Records from a data source:
+---+
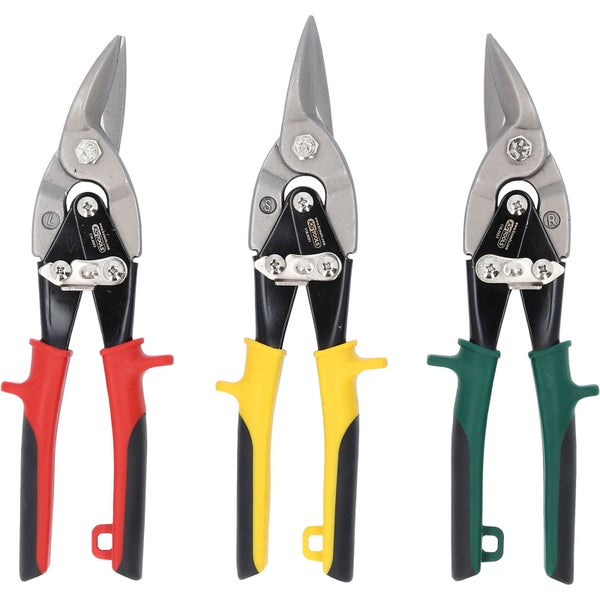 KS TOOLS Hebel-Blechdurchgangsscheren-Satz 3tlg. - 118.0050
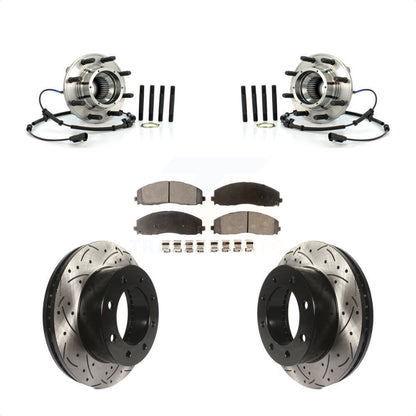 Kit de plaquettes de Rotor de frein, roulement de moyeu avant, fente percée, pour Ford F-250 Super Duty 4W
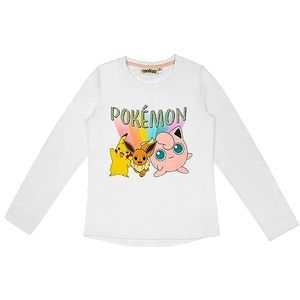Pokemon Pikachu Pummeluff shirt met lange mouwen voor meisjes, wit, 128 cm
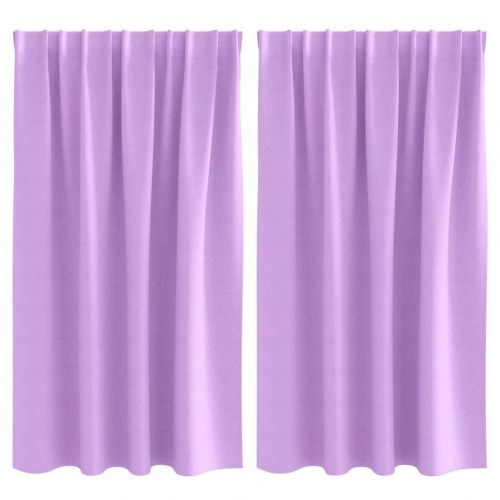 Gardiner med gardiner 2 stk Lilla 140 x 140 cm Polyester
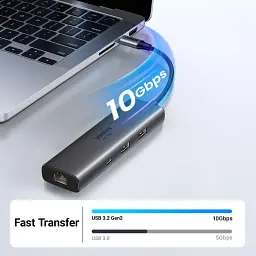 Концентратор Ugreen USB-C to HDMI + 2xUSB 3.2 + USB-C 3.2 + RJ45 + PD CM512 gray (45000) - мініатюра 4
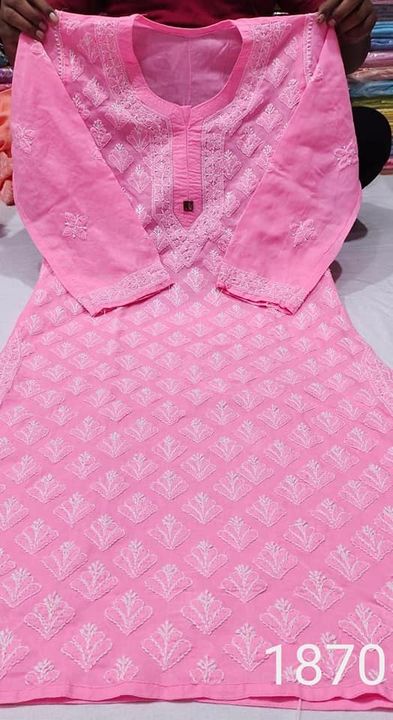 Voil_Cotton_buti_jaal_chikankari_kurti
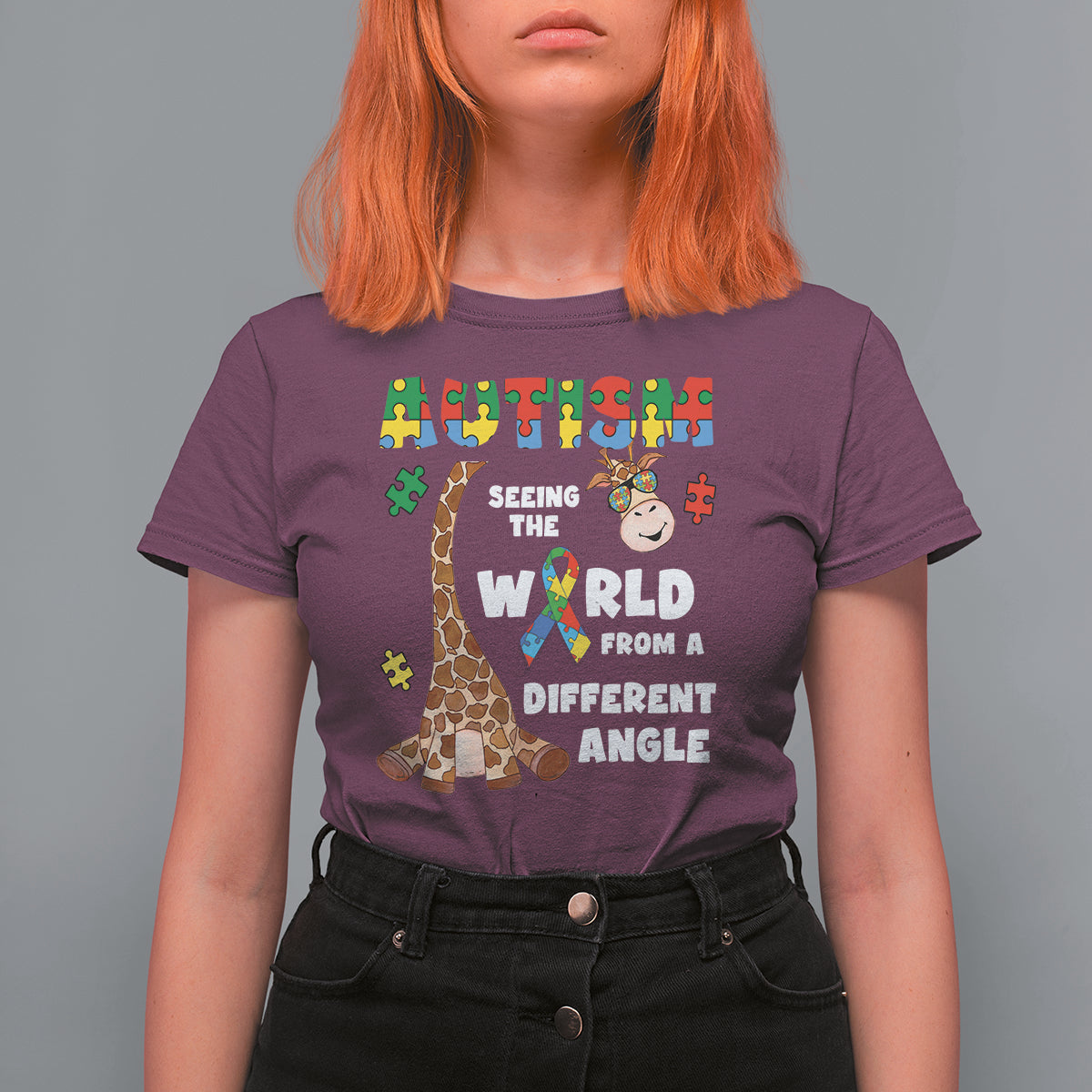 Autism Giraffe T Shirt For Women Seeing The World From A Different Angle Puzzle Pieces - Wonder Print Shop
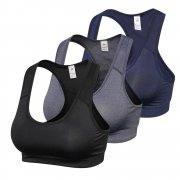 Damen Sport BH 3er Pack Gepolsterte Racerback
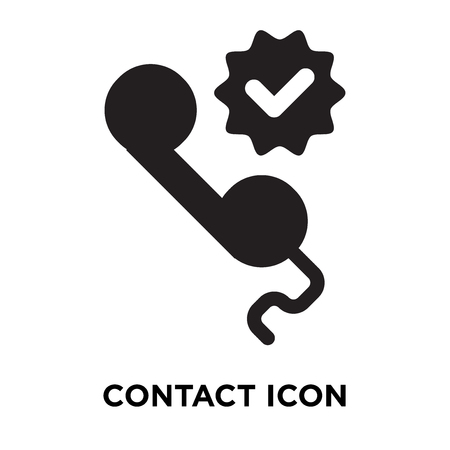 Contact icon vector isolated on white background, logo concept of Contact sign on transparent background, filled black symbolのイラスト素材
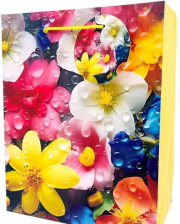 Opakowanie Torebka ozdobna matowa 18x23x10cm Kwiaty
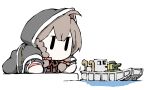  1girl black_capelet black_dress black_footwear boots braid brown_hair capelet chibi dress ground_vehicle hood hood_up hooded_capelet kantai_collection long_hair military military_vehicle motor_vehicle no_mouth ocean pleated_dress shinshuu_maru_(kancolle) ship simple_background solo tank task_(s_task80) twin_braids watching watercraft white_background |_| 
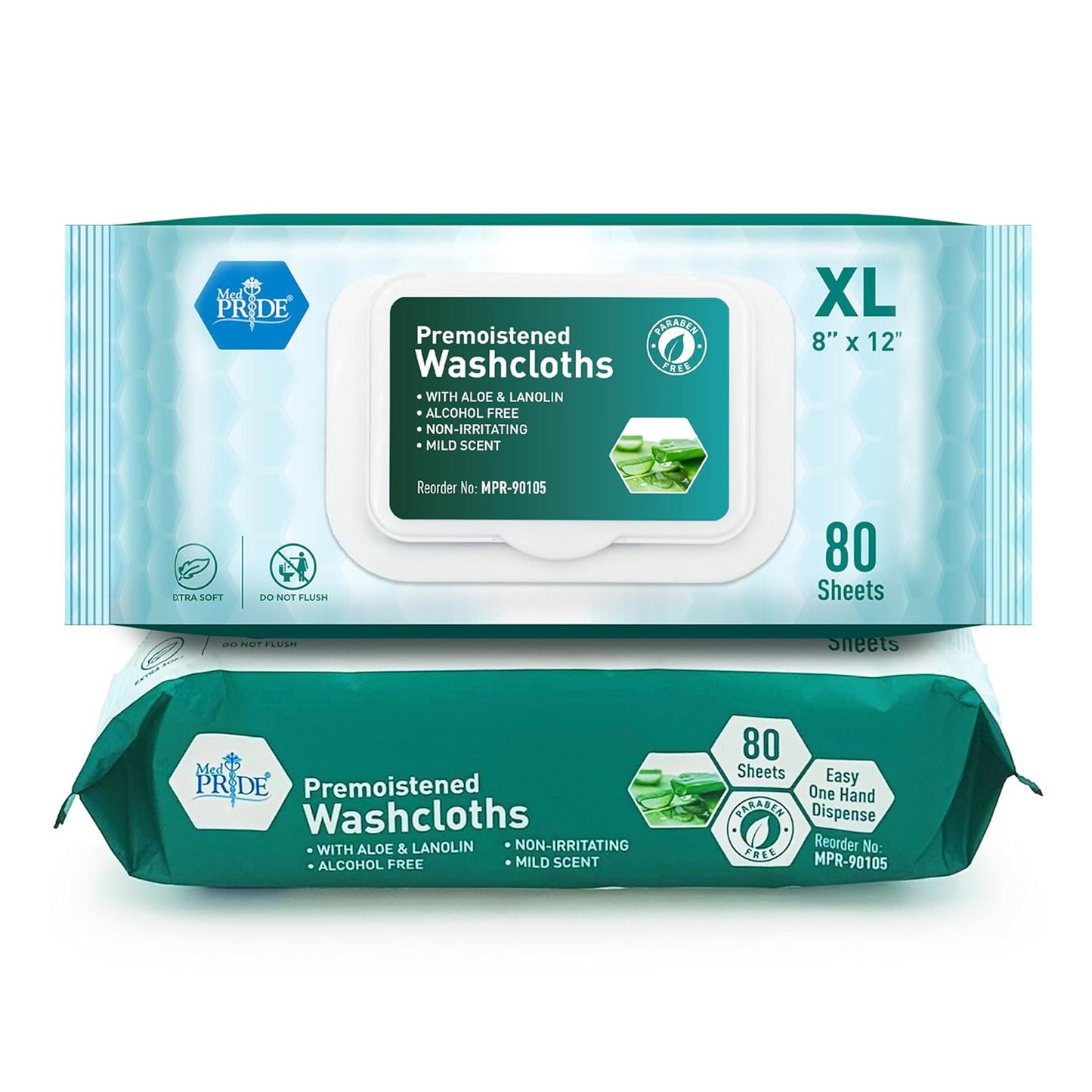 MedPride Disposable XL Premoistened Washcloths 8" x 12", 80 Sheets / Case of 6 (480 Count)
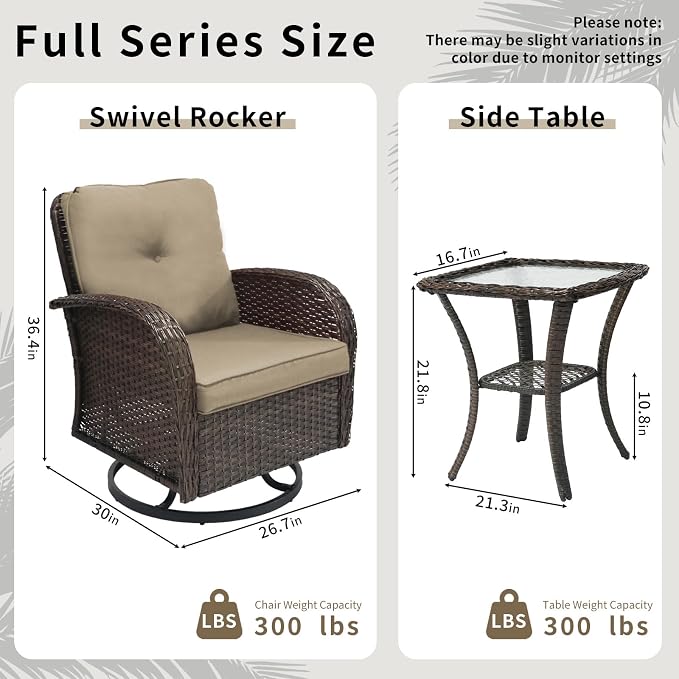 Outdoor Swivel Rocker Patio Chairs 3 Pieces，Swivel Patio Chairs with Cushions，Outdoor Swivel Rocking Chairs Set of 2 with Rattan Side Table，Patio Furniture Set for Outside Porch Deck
+---+
ABOUT THIS EXERCISE: A word-for-word repetition of the data above, without pictures, is the expected answer.

YOUR RESPONSE:
 KS TOOLS Hebel-Blechdurchgangsscheren-Satz 3tlg. - 118.0050
 Kit de plaquettes de Rotor de frein, roulement de moyeu avant, fente percée, pour Ford F-250 Super Duty 4W
Pokemon Pikachu Pummeluff shirt met lange mouwen voor meisjes, wit, 128 cm
 Gardiner med gardiner 2 stk Lilla 140 x 140 cm Polyester
 Концентратор Ugreen USB-C to HDMI + 2xUSB 3.2 + USB-C 3.2 + RJ45 + PD CM512 gray (45000) - мініатюра 4
 Voil_Cotton_buti_jaal_chikankari_kurti
 Autism Giraffe T Shirt For Women Seeing The World From A Different Angle Puzzle Pieces - Wonder Print Shop
 Damen Sport BH 3er Pack Gepolsterte Racerback
 Contact icon vector isolated on white background, logo concept of Contact sign on transparent background, filled black symbolのイラスト素材
 Opakowanie Torebka ozdobna matowa 18x23x10cm Kwiaty
  1girl black_capelet black_dress black_footwear boots braid brown_hair capelet chibi dress ground_vehicle hood hood_up hooded_capelet kantai_collection long_hair military military_vehicle motor_vehicle no_mouth ocean pleated_dress shinshuu_maru_(kancolle) ship simple_background solo tank task_(s_task80) twin_braids watching watercraft white_background |_| 
 MedPride Disposable XL Premoistened Washcloths 8" x 12", 80 Sheets / Case of 6 (480 Count)
 Outdoor Swivel Rocker Patio Chairs 3 Pieces，Swivel Patio Chairs with Cushions，Outdoor Swivel Rocking Chairs Set of 2 with Rattan Side Table，Patio Furniture Set for Outside Porch Deck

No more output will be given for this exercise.